“Siyasi olan insani olamaz”

Kitap
Zuhal Erkek’in röportajı Son zamanların en çok tartışılan konularıdan biri haline geldi Kürt sorunu. Bu sorun üzerine birçok şey tartışıldı, söylendi ve yazıldı. Kimileri Kürt sorununun dış kayn...
EMOJİLE

Zuhal Erkek’in röportajı

Son zamanların en çok tartışılan konularıdan biri haline geldi Kürt sorunu. Bu sorun üzerine birçok şey tartışıldı, söylendi ve yazıldı. Kimileri Kürt sorununun dış kaynaklı olduğunu savunurken kimileri siyasi anlaşmazlık olduğunu iddia etti. Ama bu sorunun en önemli sebeplerini oluşturan insani boyutunu ele alan pek kimse çıkmadı. ‘Şu Yılgın Kürtler’ kitabının yazarı Mirkan Baran’ın da dediği gibi Kürt sorunu aslında yoksulluk, işsizlik, sefalet, sürgün, koruculuk, örgüt baskısı, devlet baskısı sonucu yaşanan dramlardan oluştuğunu  ve yaşanan bu dramların Kürt sorununun büyümesine sebebiyet verdiğini savunuyor. 

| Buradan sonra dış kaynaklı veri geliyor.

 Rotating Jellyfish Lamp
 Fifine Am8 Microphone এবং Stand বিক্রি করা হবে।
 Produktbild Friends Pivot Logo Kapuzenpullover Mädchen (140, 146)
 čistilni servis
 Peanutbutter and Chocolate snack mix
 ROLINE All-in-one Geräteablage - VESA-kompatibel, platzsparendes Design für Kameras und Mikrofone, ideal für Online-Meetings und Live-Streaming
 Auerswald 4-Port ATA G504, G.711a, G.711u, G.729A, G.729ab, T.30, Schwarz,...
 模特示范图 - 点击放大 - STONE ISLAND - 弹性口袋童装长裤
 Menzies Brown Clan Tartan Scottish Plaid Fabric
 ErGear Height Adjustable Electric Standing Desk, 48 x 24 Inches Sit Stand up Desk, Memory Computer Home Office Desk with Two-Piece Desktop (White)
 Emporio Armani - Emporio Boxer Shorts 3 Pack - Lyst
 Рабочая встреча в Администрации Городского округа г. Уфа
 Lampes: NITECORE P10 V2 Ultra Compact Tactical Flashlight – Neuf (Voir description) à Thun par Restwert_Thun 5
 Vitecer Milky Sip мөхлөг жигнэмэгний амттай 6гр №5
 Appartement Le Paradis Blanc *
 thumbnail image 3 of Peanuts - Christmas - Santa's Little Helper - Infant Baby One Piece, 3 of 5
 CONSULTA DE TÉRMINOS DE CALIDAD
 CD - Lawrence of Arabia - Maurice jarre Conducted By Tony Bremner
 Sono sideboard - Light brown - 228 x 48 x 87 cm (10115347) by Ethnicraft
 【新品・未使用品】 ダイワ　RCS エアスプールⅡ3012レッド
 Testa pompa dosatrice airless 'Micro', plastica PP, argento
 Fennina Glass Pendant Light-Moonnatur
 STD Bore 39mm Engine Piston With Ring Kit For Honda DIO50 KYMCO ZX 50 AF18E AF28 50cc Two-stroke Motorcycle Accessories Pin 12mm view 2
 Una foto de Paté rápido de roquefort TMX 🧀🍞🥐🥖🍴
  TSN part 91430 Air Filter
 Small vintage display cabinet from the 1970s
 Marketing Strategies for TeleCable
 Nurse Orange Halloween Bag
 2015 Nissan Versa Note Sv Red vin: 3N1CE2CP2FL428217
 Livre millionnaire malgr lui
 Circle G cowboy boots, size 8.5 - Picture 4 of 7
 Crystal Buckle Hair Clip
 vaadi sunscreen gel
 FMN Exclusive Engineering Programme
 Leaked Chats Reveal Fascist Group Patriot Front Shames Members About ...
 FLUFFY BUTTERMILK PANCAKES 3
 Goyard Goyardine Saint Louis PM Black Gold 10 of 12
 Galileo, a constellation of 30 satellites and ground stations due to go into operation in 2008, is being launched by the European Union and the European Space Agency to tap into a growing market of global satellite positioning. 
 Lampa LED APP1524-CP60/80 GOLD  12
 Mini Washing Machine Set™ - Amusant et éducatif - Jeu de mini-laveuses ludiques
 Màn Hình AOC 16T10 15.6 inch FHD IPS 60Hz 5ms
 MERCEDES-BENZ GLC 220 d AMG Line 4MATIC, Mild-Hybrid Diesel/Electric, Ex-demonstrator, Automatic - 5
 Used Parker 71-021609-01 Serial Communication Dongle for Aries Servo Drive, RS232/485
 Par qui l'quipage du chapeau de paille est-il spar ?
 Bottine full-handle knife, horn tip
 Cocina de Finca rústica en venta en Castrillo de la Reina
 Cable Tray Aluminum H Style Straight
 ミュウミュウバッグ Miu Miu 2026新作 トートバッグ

Yazar Mirkan Baran ile son çıkan kitabı Şu Yılgın Kürtler’i, Kürt sorunu ile ilgili atılması gereken adımları, siyasilerin tutumunu ve bu soruna nasıl bir insani bakış açısıyla değerlendirilmesi gerektiğini konuştuk. 

Kürt sorunu çözüm sürecine girdi.  Kitabınızda Kürt sorununu nasıl ele alıyorsunuz? 

-Kürt sorunu çok daha öncelerde de çözüm sürecine girmişti, fakat “oy kaygısı nedeniyle” atılan adımlar nedeniyle samimiyet testini geçememişti… Kürt sorunun çözümü “bir samimiyet testidir”. Son girilen süreçte, mevcut iktidarın başa geldiği günden bu yana çözüm yolunda bir takım adımların atıldığı şüphesiz bir gerçek, ve bu adımlar şimdiye kadar cumhuriyet döneminde hiçbir hükümetin atamadığı cesur adımlar! Bu nedenle, “şahıslar ya da hükümetler”in bu sorunun çözümünde o kadar önemli değil, mühim olan “samimi, tutarlı ve cesur adımların” atılabilmesidir! Bundan kastım nedir, tek bir örnekle özetlemek gerekirse, İngiltere eski başbakanı Tony Blair’in bir sözünü hatırlatmak istiyorum; “tek bir askerimin ölmemesi için gerekirse şeytanla bile pazarlığa otururum”… 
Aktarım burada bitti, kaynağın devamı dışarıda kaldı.